I have to use this theorem to solve the following exercise:

Exercise: Find $\lim\limits_{n\to\infty}\displaystyle\int_{\mathbb{R}}\mathbb{1}_{[0,1]}(x)\dfrac{nx^n\sin(nx)-n}{\sqrt{x + 2n^2}}d\lambda$, using DCT (answer is $-\frac{1}{2}\sqrt{2}$).

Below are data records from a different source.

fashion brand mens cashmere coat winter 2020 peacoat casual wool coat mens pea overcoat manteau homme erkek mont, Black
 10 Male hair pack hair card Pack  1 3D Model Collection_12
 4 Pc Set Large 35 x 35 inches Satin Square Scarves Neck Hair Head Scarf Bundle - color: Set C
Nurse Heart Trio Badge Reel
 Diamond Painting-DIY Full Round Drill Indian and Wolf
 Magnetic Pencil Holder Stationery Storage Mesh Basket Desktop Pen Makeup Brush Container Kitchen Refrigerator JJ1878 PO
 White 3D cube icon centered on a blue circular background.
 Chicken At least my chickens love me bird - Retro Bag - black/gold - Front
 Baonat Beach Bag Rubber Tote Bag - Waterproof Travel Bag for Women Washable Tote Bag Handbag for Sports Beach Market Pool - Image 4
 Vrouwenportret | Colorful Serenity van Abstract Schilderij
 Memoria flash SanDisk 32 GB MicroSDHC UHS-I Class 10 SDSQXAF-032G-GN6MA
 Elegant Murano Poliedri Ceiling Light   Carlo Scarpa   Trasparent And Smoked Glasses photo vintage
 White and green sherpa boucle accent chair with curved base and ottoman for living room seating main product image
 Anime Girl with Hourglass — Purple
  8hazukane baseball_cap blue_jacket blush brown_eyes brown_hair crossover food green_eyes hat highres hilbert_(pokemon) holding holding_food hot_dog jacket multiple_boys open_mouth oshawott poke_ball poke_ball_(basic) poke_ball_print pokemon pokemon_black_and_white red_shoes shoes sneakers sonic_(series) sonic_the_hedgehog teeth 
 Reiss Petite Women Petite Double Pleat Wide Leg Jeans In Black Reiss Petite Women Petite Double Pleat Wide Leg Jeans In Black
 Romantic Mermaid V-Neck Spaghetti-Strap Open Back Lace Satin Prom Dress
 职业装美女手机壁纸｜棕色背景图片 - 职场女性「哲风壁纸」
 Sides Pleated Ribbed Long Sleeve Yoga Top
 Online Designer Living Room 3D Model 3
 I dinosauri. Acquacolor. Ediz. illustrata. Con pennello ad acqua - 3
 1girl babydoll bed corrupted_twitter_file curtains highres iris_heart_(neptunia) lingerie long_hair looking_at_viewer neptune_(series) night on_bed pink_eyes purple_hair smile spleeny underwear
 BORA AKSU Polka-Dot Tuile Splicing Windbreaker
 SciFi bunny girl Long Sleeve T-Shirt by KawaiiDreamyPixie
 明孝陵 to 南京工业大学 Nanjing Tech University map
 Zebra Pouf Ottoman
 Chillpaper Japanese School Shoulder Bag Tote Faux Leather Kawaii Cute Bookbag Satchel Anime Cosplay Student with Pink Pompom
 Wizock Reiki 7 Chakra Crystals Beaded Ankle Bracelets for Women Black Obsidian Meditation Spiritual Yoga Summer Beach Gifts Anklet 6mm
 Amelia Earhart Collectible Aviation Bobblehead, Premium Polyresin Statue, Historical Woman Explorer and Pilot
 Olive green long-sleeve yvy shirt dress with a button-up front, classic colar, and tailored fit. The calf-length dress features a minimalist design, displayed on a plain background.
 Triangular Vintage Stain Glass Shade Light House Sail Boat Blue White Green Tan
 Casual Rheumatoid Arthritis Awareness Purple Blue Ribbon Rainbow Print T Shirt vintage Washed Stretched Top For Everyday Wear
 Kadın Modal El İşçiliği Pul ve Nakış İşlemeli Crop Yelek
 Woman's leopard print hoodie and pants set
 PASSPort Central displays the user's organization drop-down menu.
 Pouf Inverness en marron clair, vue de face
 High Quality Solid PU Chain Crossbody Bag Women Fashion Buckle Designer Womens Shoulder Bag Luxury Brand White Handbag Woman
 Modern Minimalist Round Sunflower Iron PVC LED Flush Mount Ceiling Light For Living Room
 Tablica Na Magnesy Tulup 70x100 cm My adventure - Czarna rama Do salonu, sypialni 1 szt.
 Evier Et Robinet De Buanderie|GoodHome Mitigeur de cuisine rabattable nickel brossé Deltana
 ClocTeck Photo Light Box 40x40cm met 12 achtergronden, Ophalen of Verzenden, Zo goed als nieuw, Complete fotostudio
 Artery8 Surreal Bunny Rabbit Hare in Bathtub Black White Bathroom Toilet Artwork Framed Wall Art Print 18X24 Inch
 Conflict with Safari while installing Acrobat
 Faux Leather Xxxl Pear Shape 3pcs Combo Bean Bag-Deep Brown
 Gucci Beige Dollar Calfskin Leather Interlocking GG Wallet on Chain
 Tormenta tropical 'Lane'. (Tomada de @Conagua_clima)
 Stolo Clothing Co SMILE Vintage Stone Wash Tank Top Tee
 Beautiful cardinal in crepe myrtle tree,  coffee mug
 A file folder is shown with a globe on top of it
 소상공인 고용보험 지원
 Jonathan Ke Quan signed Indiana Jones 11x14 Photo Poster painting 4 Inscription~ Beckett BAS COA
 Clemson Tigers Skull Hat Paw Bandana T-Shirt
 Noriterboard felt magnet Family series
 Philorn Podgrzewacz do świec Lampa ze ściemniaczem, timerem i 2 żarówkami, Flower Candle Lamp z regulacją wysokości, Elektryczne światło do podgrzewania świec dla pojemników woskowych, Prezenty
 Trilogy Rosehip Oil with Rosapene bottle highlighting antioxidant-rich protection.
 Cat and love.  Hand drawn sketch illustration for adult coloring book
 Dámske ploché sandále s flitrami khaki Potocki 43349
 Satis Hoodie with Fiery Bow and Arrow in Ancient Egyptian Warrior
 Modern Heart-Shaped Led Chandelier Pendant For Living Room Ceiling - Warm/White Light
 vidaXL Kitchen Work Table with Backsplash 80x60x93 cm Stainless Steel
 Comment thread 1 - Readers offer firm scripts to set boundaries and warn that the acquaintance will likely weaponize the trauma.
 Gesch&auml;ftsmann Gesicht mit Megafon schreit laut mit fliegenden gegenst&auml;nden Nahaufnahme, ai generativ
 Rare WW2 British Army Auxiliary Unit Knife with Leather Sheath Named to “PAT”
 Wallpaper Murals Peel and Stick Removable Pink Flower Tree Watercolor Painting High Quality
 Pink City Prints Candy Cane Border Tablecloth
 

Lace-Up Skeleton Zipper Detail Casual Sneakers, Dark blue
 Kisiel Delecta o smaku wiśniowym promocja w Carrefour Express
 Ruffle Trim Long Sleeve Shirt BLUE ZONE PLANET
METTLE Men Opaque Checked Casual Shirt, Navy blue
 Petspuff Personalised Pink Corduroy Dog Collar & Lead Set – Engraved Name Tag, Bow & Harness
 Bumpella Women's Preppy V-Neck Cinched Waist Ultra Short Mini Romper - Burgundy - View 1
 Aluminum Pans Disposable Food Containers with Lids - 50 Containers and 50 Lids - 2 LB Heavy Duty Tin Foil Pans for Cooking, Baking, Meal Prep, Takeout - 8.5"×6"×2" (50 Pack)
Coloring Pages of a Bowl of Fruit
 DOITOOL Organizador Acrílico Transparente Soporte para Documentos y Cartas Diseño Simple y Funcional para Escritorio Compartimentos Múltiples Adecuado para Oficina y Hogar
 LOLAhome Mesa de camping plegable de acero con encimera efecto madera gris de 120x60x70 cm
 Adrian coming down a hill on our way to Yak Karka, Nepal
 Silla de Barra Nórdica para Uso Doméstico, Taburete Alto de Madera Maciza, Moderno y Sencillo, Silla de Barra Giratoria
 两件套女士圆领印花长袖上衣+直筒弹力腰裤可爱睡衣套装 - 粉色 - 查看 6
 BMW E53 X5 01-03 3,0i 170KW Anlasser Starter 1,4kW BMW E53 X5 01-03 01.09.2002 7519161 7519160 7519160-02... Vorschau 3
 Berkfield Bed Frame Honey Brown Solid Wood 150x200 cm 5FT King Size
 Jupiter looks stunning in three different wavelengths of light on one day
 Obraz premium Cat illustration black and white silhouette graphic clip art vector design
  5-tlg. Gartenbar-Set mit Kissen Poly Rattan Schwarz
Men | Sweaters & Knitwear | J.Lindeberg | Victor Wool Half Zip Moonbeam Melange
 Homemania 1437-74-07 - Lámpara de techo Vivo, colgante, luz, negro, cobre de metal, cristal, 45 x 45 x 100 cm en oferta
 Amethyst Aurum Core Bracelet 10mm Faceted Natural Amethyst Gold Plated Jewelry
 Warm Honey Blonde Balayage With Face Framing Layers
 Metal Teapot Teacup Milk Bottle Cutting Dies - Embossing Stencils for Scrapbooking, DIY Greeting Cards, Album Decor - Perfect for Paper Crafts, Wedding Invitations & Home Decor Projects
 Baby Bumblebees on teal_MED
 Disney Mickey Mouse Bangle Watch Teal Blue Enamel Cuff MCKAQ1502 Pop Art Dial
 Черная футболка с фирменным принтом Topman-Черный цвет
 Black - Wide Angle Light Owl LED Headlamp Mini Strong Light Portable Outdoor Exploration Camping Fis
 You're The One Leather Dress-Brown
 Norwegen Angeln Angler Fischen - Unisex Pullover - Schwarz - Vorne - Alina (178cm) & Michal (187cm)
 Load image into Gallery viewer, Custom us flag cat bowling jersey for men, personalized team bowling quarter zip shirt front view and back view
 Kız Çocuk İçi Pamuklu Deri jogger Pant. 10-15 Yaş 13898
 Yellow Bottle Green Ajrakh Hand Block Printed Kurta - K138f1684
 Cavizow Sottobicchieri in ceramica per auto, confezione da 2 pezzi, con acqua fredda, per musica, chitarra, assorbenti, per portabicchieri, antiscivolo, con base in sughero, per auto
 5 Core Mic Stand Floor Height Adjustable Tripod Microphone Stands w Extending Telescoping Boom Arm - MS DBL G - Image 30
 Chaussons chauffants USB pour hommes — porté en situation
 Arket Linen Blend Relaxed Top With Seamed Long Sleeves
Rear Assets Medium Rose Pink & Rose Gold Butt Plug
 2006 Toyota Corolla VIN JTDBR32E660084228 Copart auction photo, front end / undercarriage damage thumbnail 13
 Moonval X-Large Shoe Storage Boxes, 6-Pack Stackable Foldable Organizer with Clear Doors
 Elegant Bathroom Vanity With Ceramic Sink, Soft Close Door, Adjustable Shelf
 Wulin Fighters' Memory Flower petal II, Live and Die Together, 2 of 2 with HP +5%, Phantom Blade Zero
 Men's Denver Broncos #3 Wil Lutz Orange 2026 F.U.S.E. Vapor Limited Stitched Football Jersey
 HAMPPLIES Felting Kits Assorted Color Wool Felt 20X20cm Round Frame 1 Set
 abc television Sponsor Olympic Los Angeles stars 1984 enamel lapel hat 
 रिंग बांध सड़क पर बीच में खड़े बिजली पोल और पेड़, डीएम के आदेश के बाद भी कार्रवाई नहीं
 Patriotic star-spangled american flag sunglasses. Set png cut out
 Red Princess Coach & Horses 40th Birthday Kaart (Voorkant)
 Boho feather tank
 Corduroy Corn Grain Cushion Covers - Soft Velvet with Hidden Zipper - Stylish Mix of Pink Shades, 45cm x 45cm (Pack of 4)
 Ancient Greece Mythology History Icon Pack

What I've tried: I have to find $\lim\limits_{n\to\infty}f_n = f$ and a function $g$ such that $\left|f_n\right|\leq g$ for all $n\geq 1$. This would imply that $f$ is integrable so that I can proceed to calculate the integral according to the DCT. Unfortunately I'm not able to determine $\lim\limits_{n\to\infty}f_n$. I have that $$\lim\limits_{n\to\infty}\mathbb{1}_{[0,1]}(x)\dfrac{nx^n\sin(nx)-n}{\sqrt{x + 2n^2}} = \lim\limits_{n\to\infty}\mathbb{1}_{[0,1]}(x)\dfrac{x^n\sin(nx)-1}{\sqrt{x + 2}}.$$ $-2\leq x^n\sin(nx)-1 \leq 0$, which means that the limit is oscillating. I'm not sure how to proceed from here.

Question: How do I solve this exercise using the given theorem?

Thanks in advance!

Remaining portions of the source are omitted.